An interest in any security listed on a recognized stock exchange does not give rise to the application of this section, if it is equal to less than one ten-thousandth of the total outstanding amount of the listed securities of the undertaking contemplated.
1965 (1st sess.), c. 36, s. 13; 1980, c. 26, s. 4.
21. In no case may the company, without prior authorization of the Government,
(a)  enter into a contract for participation in the carrying out of the objects contemplated in section 3, if the contract binds it for more than five years;
(b)  sell mineral deposits, mining properties or any interest therein otherwise than by auction sale or public tender;
(c)  contract a loan that increases its total outstanding borrowings to more than $500 000;
(d)  acquire or hold over 50% of the shares or property of an undertaking;
(e)  make by-laws relating to the exercise of its powers, and internal management by-laws.
1965 (1st sess.), c. 36, s. 14; 1980, c. 26, s. 4.
21.1. (Repealed).
1988, c. 78, s. 3; 1994, c. 45, s. 6.
21.2. (Repealed).
1988, c. 78, s. 3; 1994, c. 45, s. 6.
21.3. (Repealed).
1988, c. 78, s. 3; 1994, c. 45, s. 6.
21.4. (Repealed).
1988, c. 78, s. 3; 1994, c. 45, s. 6.
22. The books and accounts of the company are audited every year and whenever ordered by the Government, by the Auditor General or an auditor appointed by the Government. The auditor’s report must accompany the annual report of the company.
1965 (1st sess.), c. 36, s. 15; 1980, c. 26, s. 4.
23. The Minister of Natural Resources may, within the scope of his responsibilities and powers, issue directives on the objectives and orientation of the company.
The directives must receive prior approval by the Government. If approved, they bind the company and it must comply with them.
Third persons are not bound to see that this section is observed and it cannot be invoked by or against them.
Every directive issued under this section must be tabled before the National Assembly within 15 days after its approval by the Government.

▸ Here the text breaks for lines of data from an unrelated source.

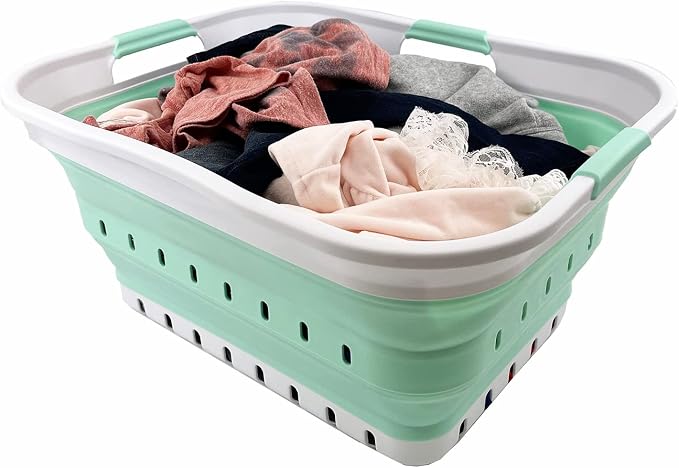 SAMMART 42L Collapsible Plastic Laundry Basket - Image 6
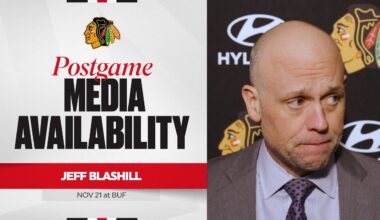 "We didn't have it physically." | Jeff Blashill Postgame 11.21.25
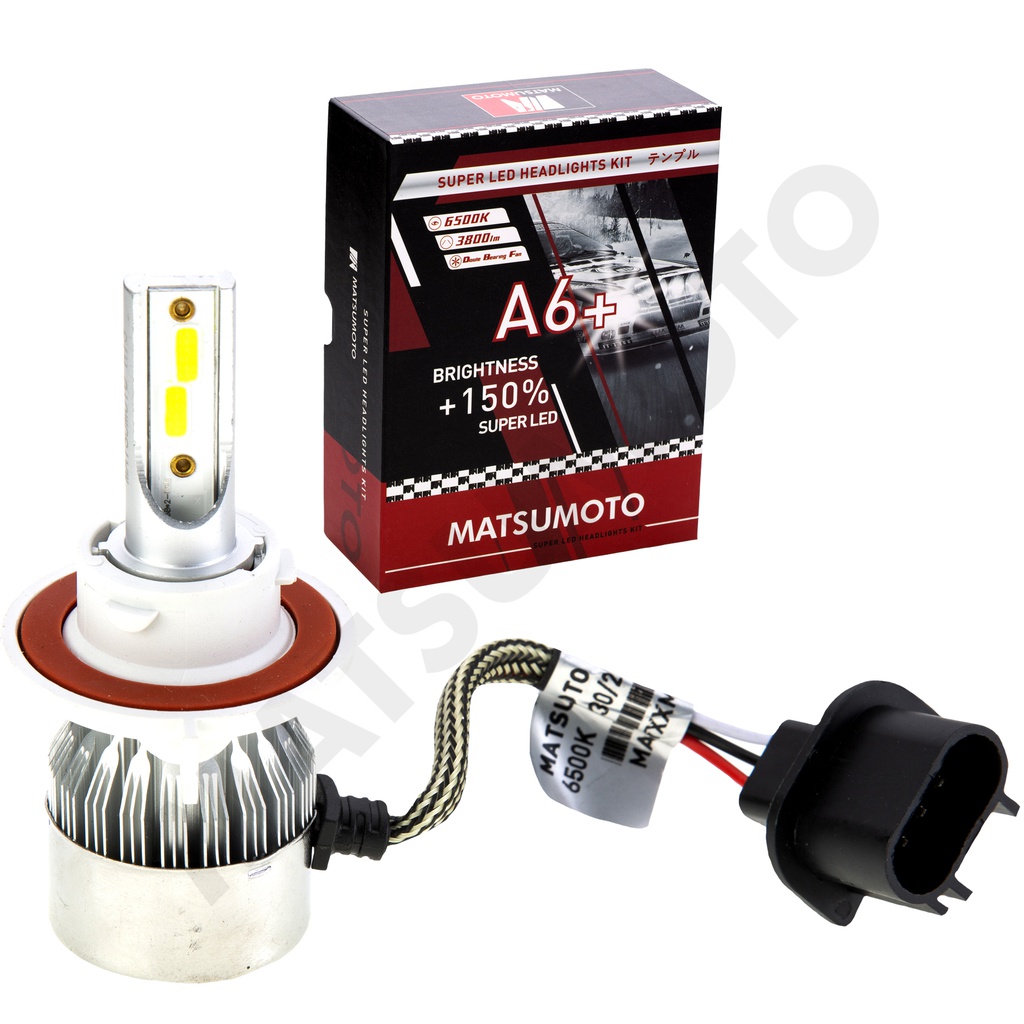 Set de Ampolletas LED A6+ H13 3800lm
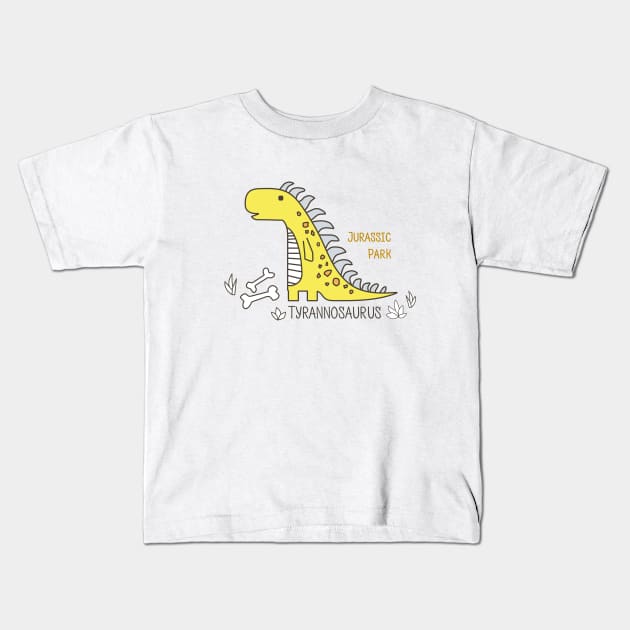 Dinosaur Tyrannosaurus Kids T-Shirt by AliJun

If the National Assembly is not sitting, the directive is tabled before it within 15 days of the opening of the next session or of resumption.
1965 (1st sess.), c. 36, s. 16; 1980, c. 26, s. 4; 1994, c. 13, s. 15.
24. (Replaced).
1965 (1st sess.), c. 36, s. 17; 1970, c. 17, s. 102; 1980, c. 26, s. 4.
25. The company shall each year make a report of its activities to the Minister of Natural Resources.
Such report must contain the information which the Companies Act (chapter C-38) requires the directors to give each year to shareholders and shall be laid before the National Assembly by the Minister.
1965 (1st sess.), c. 36, s. 18; 1968, c. 9, s. 90; 1979, c. 81, s. 20; 1994, c. 13, s. 15.
26. Every year, the company must have its development plan approved by the Government.
The Government shall determine the form and tenor of the development plan, as well as the time at which it must be filed.
1977, c. 33, s. 6; 1977, c. 5, s. 14; 1980, c. 26, s. 5.
27. The dividends paid by the company shall be fixed by the Government and not by the directors.
No dividend shall be declared the payment of which would reduce the company’s accumulated surplus to less than one-third of its paid-up capital.
1965 (1st sess.), c. 36, s. 19.
28. Sections 159 to 162 of the Companies Act (chapter C-38) do not apply to the company.
1965 (1st sess.), c. 36, s. 20; 1980, c. 26, s. 6.
29. The Minister of Natural Resources is responsible for the application of this Act.
1980, c. 26, s. 6; 1994, c. 13, s. 15.
30. (This section ceased to have effect on 17 April 1987).
1982, c. 21, s. 1; U. K., 1982, c. 11, Sch. B, Part I, s. 33.
REPEAL SCHEDULE

In accordance with section 17 of the Act respecting the consolidation of the statutes (chapter R-3), chapter 36 of the statutes of 1965 (1st session), in force on 31 December 1977, is repealed, except section 21, effective from the coming into force of chapter S-19 of the Revised Statutes.